This summer I went to Disney with my dance group. (Yes, eventually I will write about that.) I am one of the oldest dancers of the group. Most of the dancers are teenagers and here I am, 34, and definitely not a teenager anymore. It was a little awkward for me but the experience was well worth it. I promised myself that I would enjoy myself since I was kid-free, for some of the trip, and that I didn’t need to act like the mom the whole trip. I have a tendency to do that, as I am sure many of you moms can relate.
I was seated next to my friend, Melissa, who is 10 years younger than I am, on the plane. She had some anxiety due to flying on a plane. I had some as well since it had been several years since I had flown, but I pushed it aside. I told her if she needed me, I was there. And she did need me…at least my hand.
The plane took a couple of dips and she grabbed and squeezed my hand as hard as she could. I couldn’t leave my “momness” behind. It is who I am and who I was born to be. Melissa could sense that and it seemed as though just holding my handmade her feel safe and calm. I made sure that she was ok and talked to her when she needed me, or just let her squeeze my hand if that is what she needed.

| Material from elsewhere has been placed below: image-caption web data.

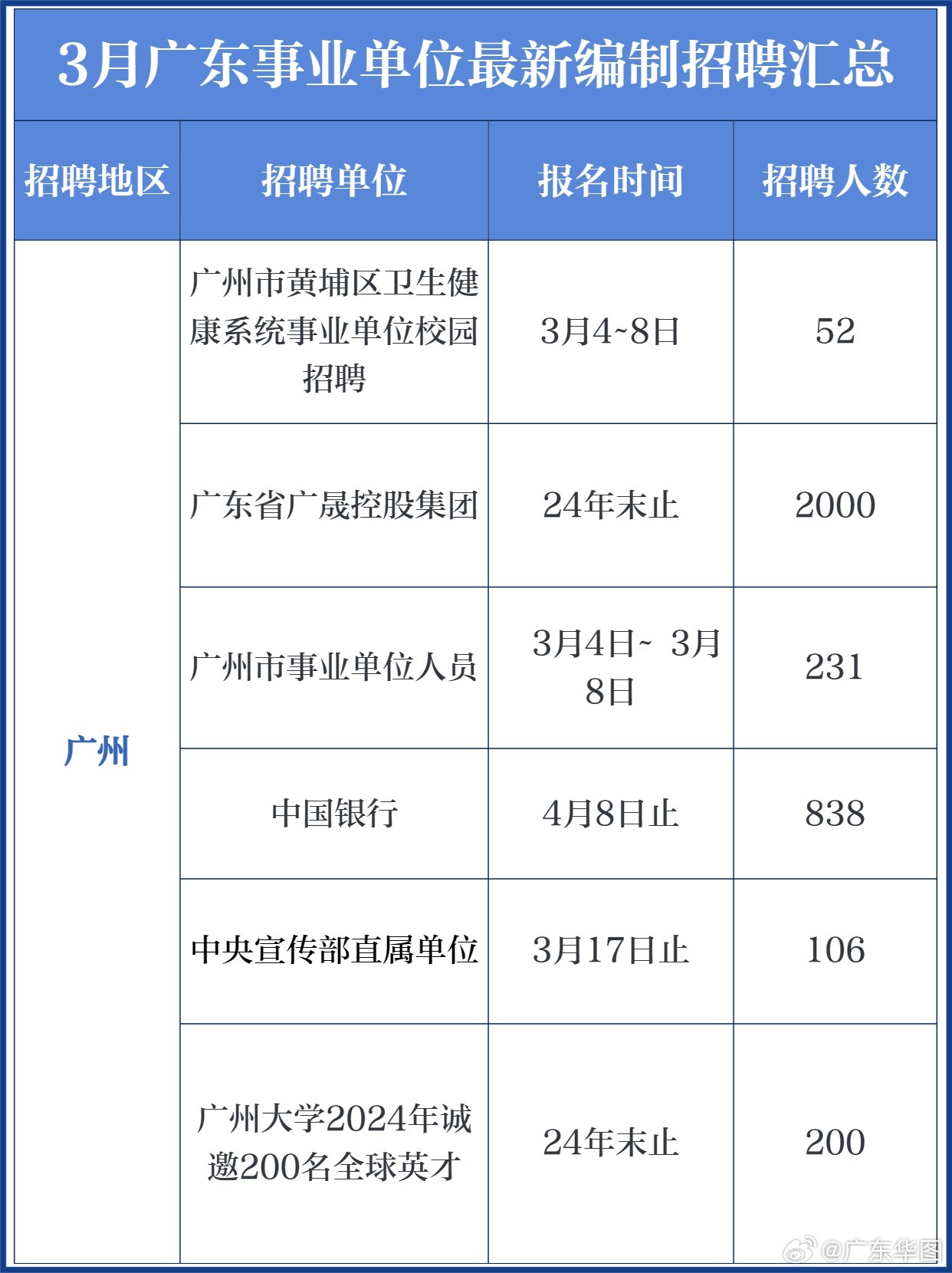 广州市事业单位最新招聘信息全面解析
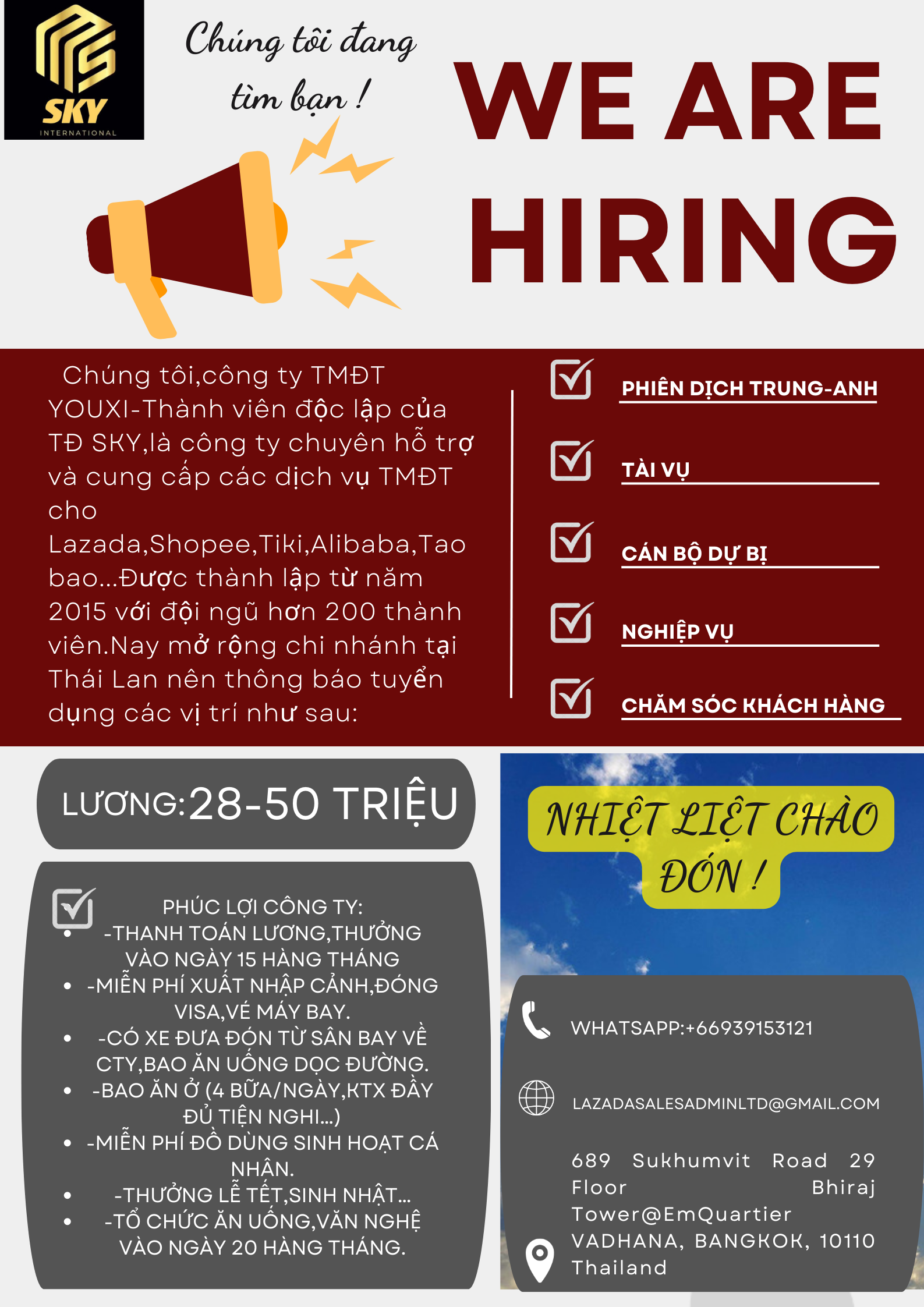 lĩnh vực hoạt động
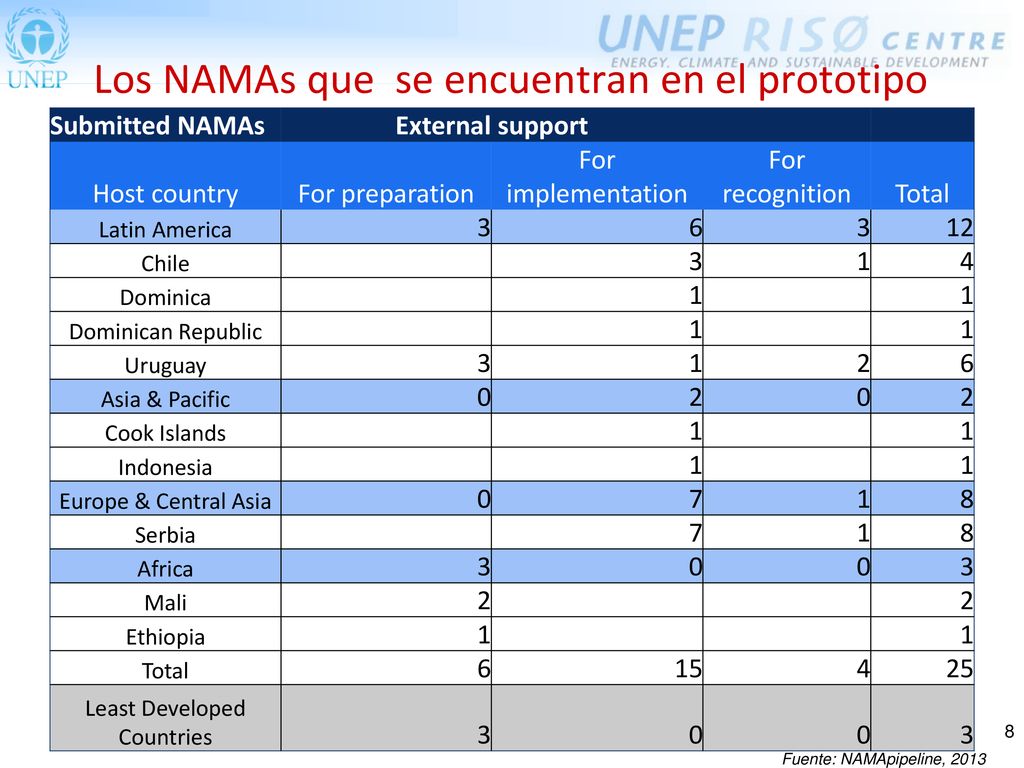 Los NAMAs que se encuentran en el prototipo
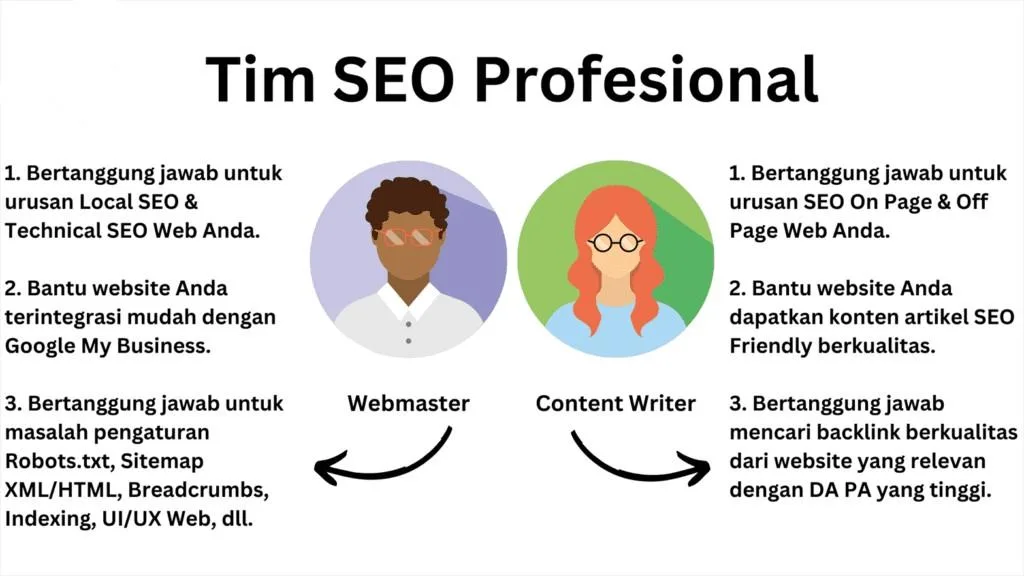 Agency SEO Jakarta Terbaik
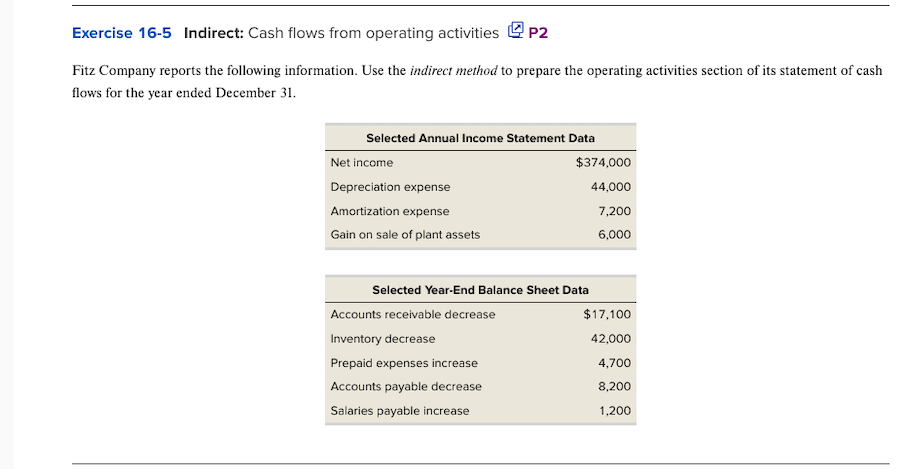  Exercise 16-5 Indirect: Cash flows from operating activities P2 Fitz Company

After we got off the plane Melissa looked at me and told me that I had mom hands. At first I was like, what the heck?! Then she explained herself. She said that my hands were soft and comforting like a mom’s hands. I helped to calm her down when she needed it most. It made my heart swell.
About a week after I had been home, Paige was being a little whiney after a rather trying day. She curled up on the couch next to me and looked up at me. “Mom I just want to hold your hand.”
Again my heart swelled.
And then this happened.
I melted. She just wanted to hold my hand so that she could fall asleep. That was all.
After Paige went to bed, someone else needed to hold my hand too…
Even the dog can sense it.
Not so long ago, I didn’t want to have children. I was determined that I wasn’t going to be a mom. It just wasn’t for me. Once I met Dave, it all changed. Obviously I couldn’t fight it. I was born to be a mom and I have mom hands. I couldn’t be happier.